Mr. Winx. If I am correct in my assumption, you have to live with a very stringent code.
Mr. SCHNABEL. Building code?
Mr. Winn. So you would have two methods of inspecting the way the brick wall went up, plus the reliability of the contractor, the architect?
Mr. SCHNABEL. Plus the owner's inspection as the work progresses.
Mr. FRASER. The owner's inspection is usually carried out by the clerk of the works, or whatever they call him.
Mr. FAULKNER. Mr. Fraser, there are very often owners' inspectors who are likely to be professional engineers or builders.
Mr. FRASER. His liability is cut off, too, then, by this statute? If he is negligent in the inspection, if the contractor is negligent in construction, they are barred by the statute, and if the Building Code inspector does not happen to be on the job at the right time?
Mr. FaulkNER. As I said just a minute ago, in filing plans for buildings we and our structural engineers go through a very rigorous period of inspection with the District, and so on, before we can get a permit. These things are gone over with a fine-tooth comb. Building walls just don't fall over of their own accord.
Mr. Fraser. No, sir; which is the reason it happens so rarely.
Mr. FAULKNER. The only case I know of here is where there has been some sort of alteration to an old building, where there are no records of calculations, or anything of that sort.
Mr. Fraser. Let me just say I am sympathetic to the idea of trying to put some limitation on the liability, but I come from a State where the general statute is six years, and in the case of liability of the kind you are talking about our State has passed a ten-year limitation. So to go to an absolute bar in four years strikes me as a little short.
Mr. FAULKNER. It also depends on when that statute begins because, although they do vary from State to State, they also vary as to when it begins. For instance, after architectural services, after completion of construction, after occupation by the owner. So those things have to be taken into consideration when measuring the actual statutory limit.

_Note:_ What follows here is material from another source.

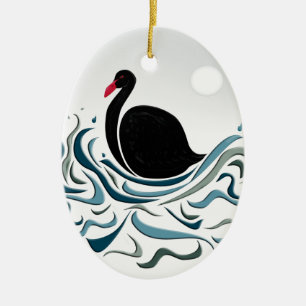 Black Swan Ceramic Ornament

Mr. FRASER. I am looking at your testimony, and it says ten years, so that is all I know. I didn't know they passed a special statute on the limitation.
Thank you, Mr. Chairman.
Gentlemen, do you care to add anything further to your testimony? If not, thank you very much.

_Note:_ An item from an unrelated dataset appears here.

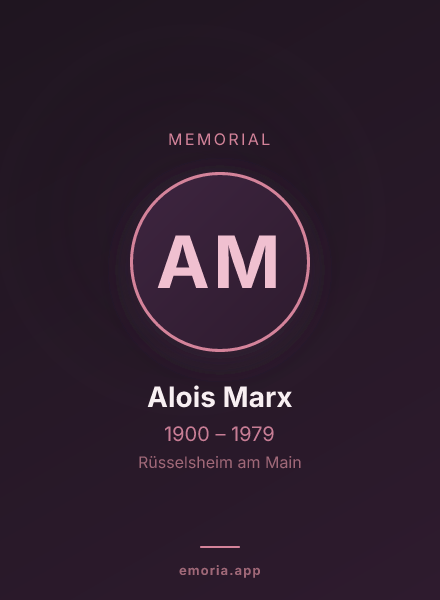 Memorial portrait of Alois Marx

Mr. FAULKNER. Thank you very much.
STATEMENT OF HOWARD L. KELLER, PRESIDENT, CONSULTING
ENGINEERS COUNCIL OF METROPOLITAN WASHINGTON; ACCOMPANIED BY MILTON F. LUNCH, GENERAL COUNSEL, NATIONAL SOCIETY OF PROFESSIONAL ENGINEERS
Mr. KELLER. Mr. Chairman, my name is Howard Keller. I am President of the Consulting Engineers Council of Metropolitan Washington. I have with me Mr. Milton Lunch, our counsel.
The Consulting Engineers Council of Metropolitan Washington consists of 50 member firms that employ nearly 500 engineers and technicians and nearly 100 office and clerical employees.
We strongly endorse H.R. 6527 and similar bills for the following reasons:
1. A balance of responsibilities and liabilities between the consulting engineer, the builder, the owner of an improvement and injured third parties must be maintained. In all fairness, the design professional and the contractor cannot be expected to be able to defend themselves forever in suits by injured parties allegedly due to defects in design or construction. The only limitation under current law is the Statute of Limitations that applies to torts which starts to run only after the injury occurred or was discovered. There is no limit to how much time may elapse after the work is done and before injury occurs.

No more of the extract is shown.